Corruption, Land Problems Persist: Donors

Corruption and the misuse of land are blighting Cambodia’s de­velopment, foreign aid donors said Tuesday. Though perennial sore subjects in Cambodia’s dialogue with donors, the two issues stood in stark contrast to the clear progress donors said the government has registered in improving health and education.

Acting UN Resident Coordinator Suomi Sakai told the year’s first quarterly stocktaking conference on development that “significant progress” had been made in legislation and policy planning for health and education.

Education Ministry Secretary of State Mak Vann said that between 2000 and 2007, the number of new students entering the sixth grade rose 73 percent to 312,909.

The number of students reaching grade nine rose in the same per­iod from 56,849 to 127,201, 43 percent of whom are girls, he said, add­ing that repetition and dropout rates remained “stubbornly high” while almost a quarter of schools are un­able to offer the full six years of primary education due to lack of teachers and classrooms.

Sakai noted that 20 percent of primary school students do not regularly attend class and that fewer than half are expected to reach the sixth grade.

World Bank Country Director Ian Porter said donors were en­couraged that the government was willing to adopt a uniform system of merit-based pay incentives for the civil service.

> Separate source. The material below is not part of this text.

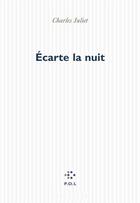 Couverture du livre « Écarte la nuit » de Charles Juliet aux éditions P.o.l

However, US Ambassador Joseph Mussomeli said donors were “perplexed by the apparent lack of priority” given to enacting the anticorruption law.

Currently under review at the Council of Ministers, the draft law is a 2002 donor benchmark that has haunted government corridors for more than a decade.

Government officials at the meeting recognized delays in adopting the legislation but said the government was committed to fighting corruption even in the law’s ab­sence, and that the draft law could be voted on during the current session of the National Assembly—a prospect officials have held out in the past.

Phov Samphy, director-general for research and judicial development at the Justice Ministry, told the donor meeting that enacting the anticorruption law depended on first adopting the draft penal code, which had to be harmonized with other recently passed laws. The penal code was completed by the Council of Ministers in De­cember, he said.

“Now that the penal code is finalized, we hope our wait will be short,” he said of the anticorruption law.

Sar Sambath, permanent member of the Council of Ministers anticorruption unit, said there had been a public campaign against graft that included seminars, workshops and student debates, some of which have been televised.

“Significant actions were taken against more than 100 out of 225 judges, prosecutors and clerks,” he said, adding that in 2007, Cambodia signed the UN Convention against Corruption and an anticorruption agreement with eight other Asean nations.

Mussomeli acknowledged some signs of progress but said the bigger picture was increasingly glum.

“It’s as if the house of Cambodia were on fire and instead of calling the firemen, instead of getting the water hoses, the government is simply pouring a glass or two of water on the flames,” he said.

Ernest Loignon, charge d’affaires at the Canadian Embassy, said the government appeared to grant controversial economic land concessions in violation of the 2001 Land Law and had failed to issue a single collective title to an indigenous group.

“In areas most affected by rapid urban expansion, forced evictions and involuntary resettlements have created greater insecurity of land tenure,” Loignon said.

“Such incidents appear to have been permitted in contravention of the Land Law,” he said.

Agriculture Ministry Secretary of State Chan Tong Yves said the government valued small-scale farming and had not granted land concessions indiscriminately.

“We have been abiding by the law on economic concessions. We cannot just grant economic concessions to anyone,” he said.

Ministry of Land Management Secretary of State Chhann Saphan said that persons evicted from land in Phnom Penh had been occupying it illegally and that draft policies on registering communal land were under review.

Chhann Saphan’s wife Keat Kolney, the sister of Finance Min­ister Keat Chhon, who chaired Tuesday’s meeting, is herself en­gaged in a protracted legal battle with ethnic minority villagers in Ratanakkiri province’s O’Yadaw district over 450 hectares of land.

Deputy Phnom Penh Municipal Governor Mann Chhoeun presented a slideshow to donors on the re­location of residents from Bassac commune to sites in Dangkao district.

“The allegation that people were moved to jobless areas, this has been repudiated,” he said. “The people who were truly poor, the squatters, were happy to move to another place,” he added.

SRP President Sam Rainsy, who was not present at Tuesday’s meeting, said with national elections looming in July, donors should be cautious about offering the government too much encouragement.

“Donors should not give their ap­proval, their endorsement to the Cambodian government too easily, especially in this election process,” he said.

“If they could use their influence in that way, then I think the Cam­bodian people could have an alternative.”

Donors have frequently vented frustrations with the pro­gress made by the government, but there has been little evidence in the past that those grievances have af­fected the flow of development assistance.